- **Try it**
An exact copy of every record below is needed, with all pictures removed.

- **Provided information**
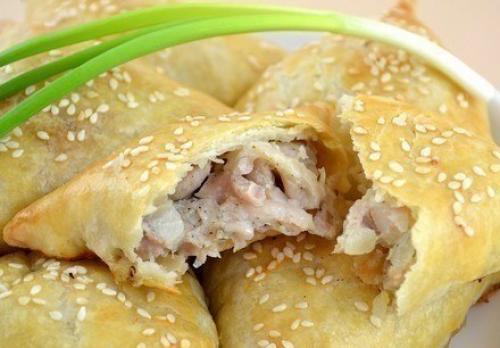 Нежное куриное мясо в хрустящем слоеном тесте. Нежное куриное мясо в хрустящем слоеном тесте.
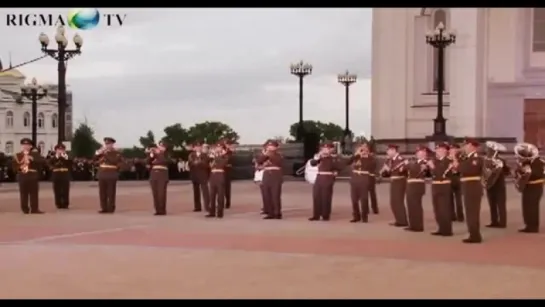 Russian army doing Gangnam Style to Bad Romance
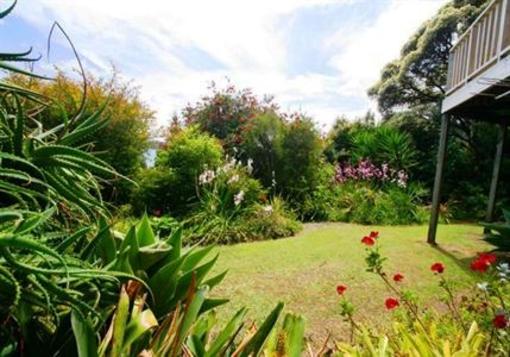 фото отеля Purangi Gardens Accommodation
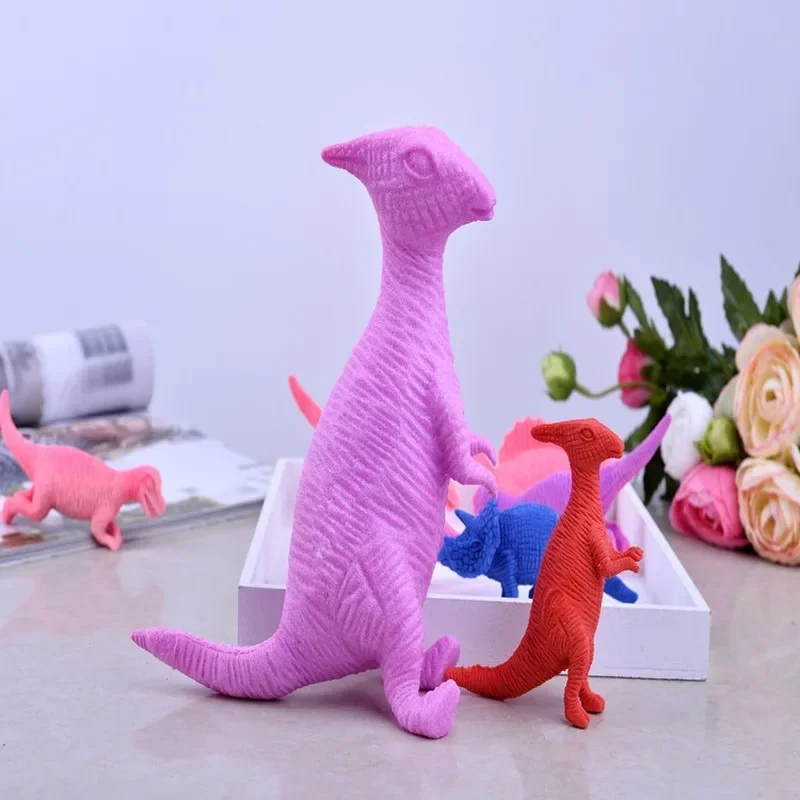 10pcs Magic Water Growing Ocean Creature Dinosaur Bath Education Toys Novelty Sea Life Land Animals Water Expandable Toys Funny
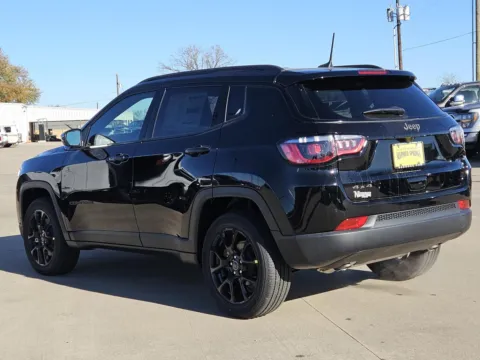 Another view of 2026 Jeep Compass Latitude Altitude for sale in Sulphur Springs, TX at Nottingham Chrysler Dodge Jeep Ram of Sulphur Springs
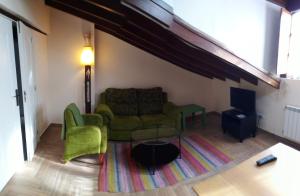 A seating area at Apartamentos El Majuelo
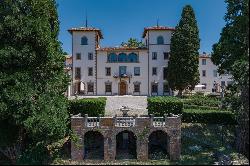 Villa Majestic, a small jewel nestled in Montalbano hills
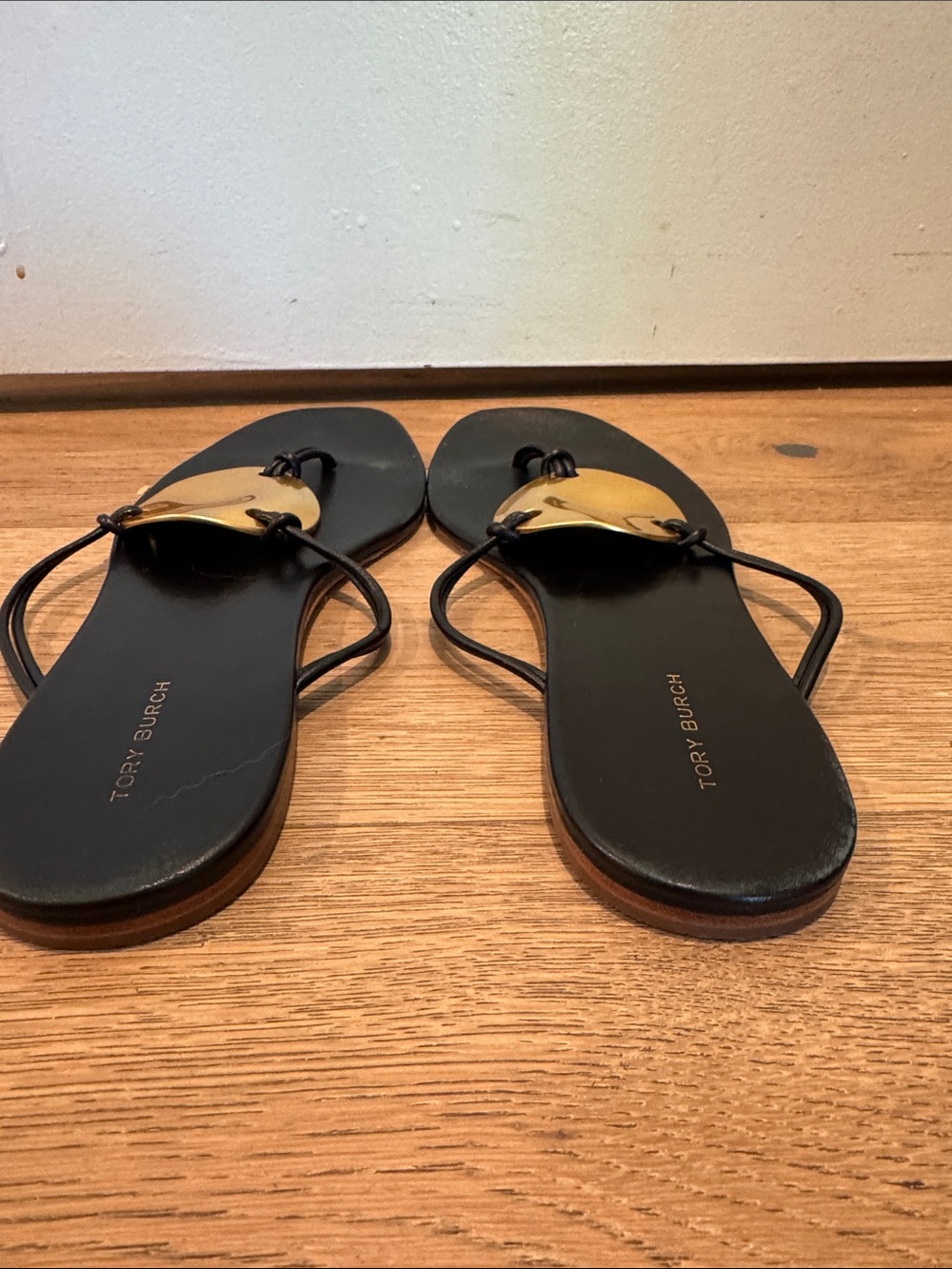 Tory Burch Patos Black Leather Sandals - Picture 4 of 7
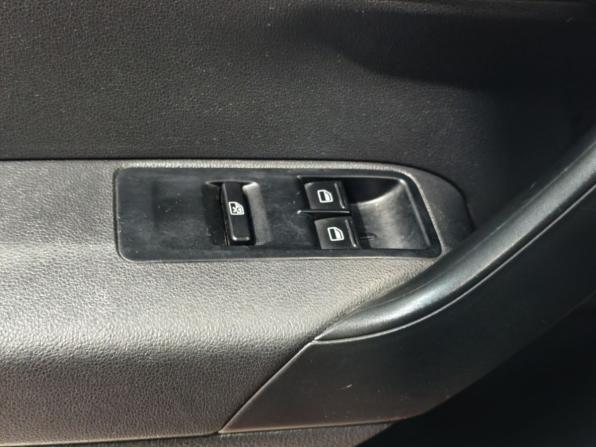 Volkswagen Polo V с пробегом 2012 года, цена 784 200 рублей, 104129 км, седан, Автокод Объявления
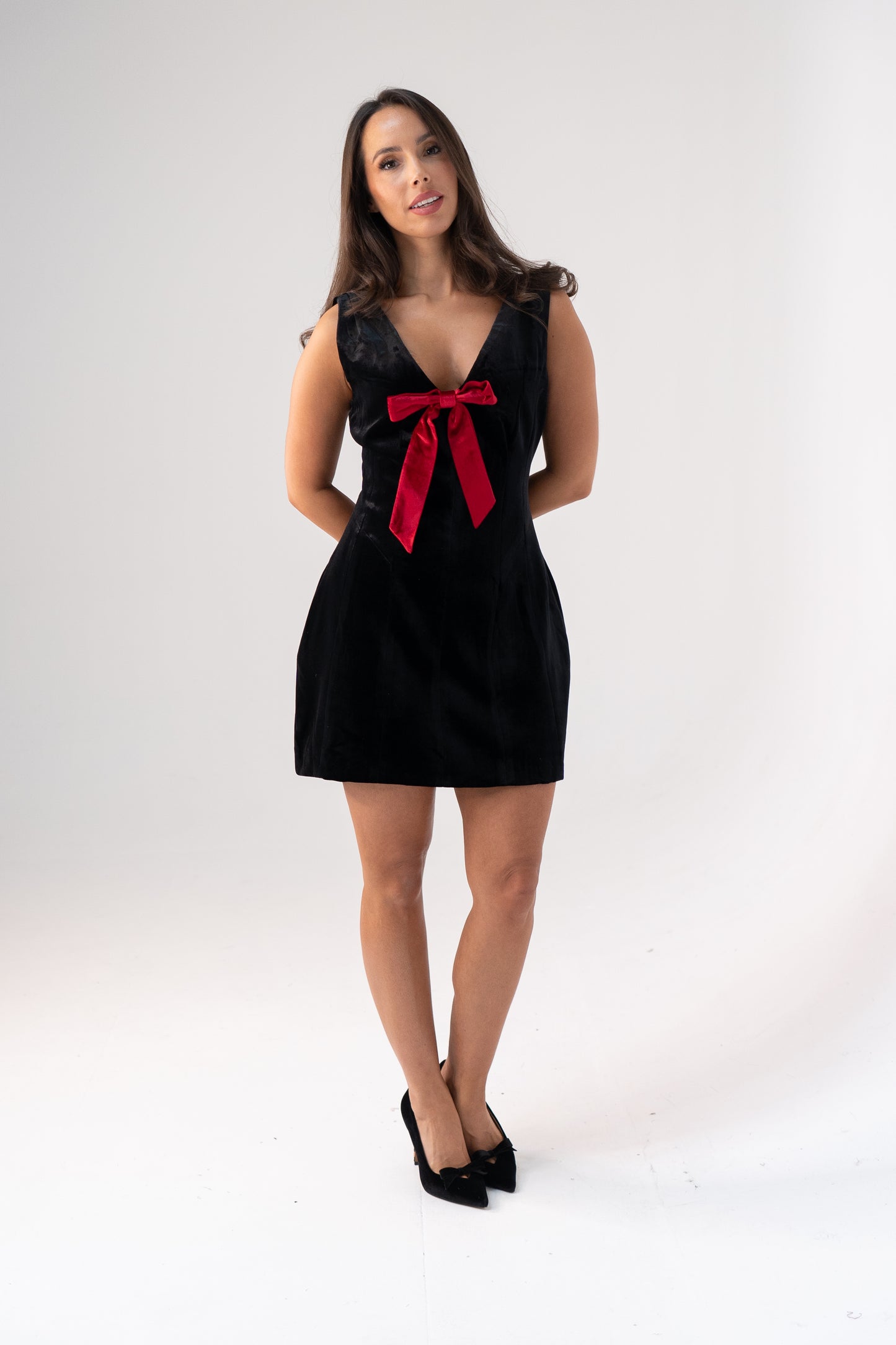 Love Laura Red Bow Velvet Dress In Black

- **Solution to this task**
 Нежное куриное мясо в хрустящем слоеном тесте. Нежное куриное мясо в хрустящем слоеном тесте.
 Russian army doing Gangnam Style to Bad Romance
 фото отеля Purangi Gardens Accommodation
 10pcs Magic Water Growing Ocean Creature Dinosaur Bath Education Toys Novelty Sea Life Land Animals Water Expandable Toys Funny
 Another view of 2026 Jeep Compass Latitude Altitude for sale in Sulphur Springs, TX at Nottingham Chrysler Dodge Jeep Ram of Sulphur Springs
 A seating area at Apartamentos El Majuelo
 Villa Majestic, a small jewel nestled in Montalbano hills
 Tory Burch Patos Black Leather Sandals - Picture 4 of 7
 Volkswagen Polo V с пробегом 2012 года, цена 784 200 рублей, 104129 км, седан, Автокод Объявления
 Love Laura Red Bow Velvet Dress In Black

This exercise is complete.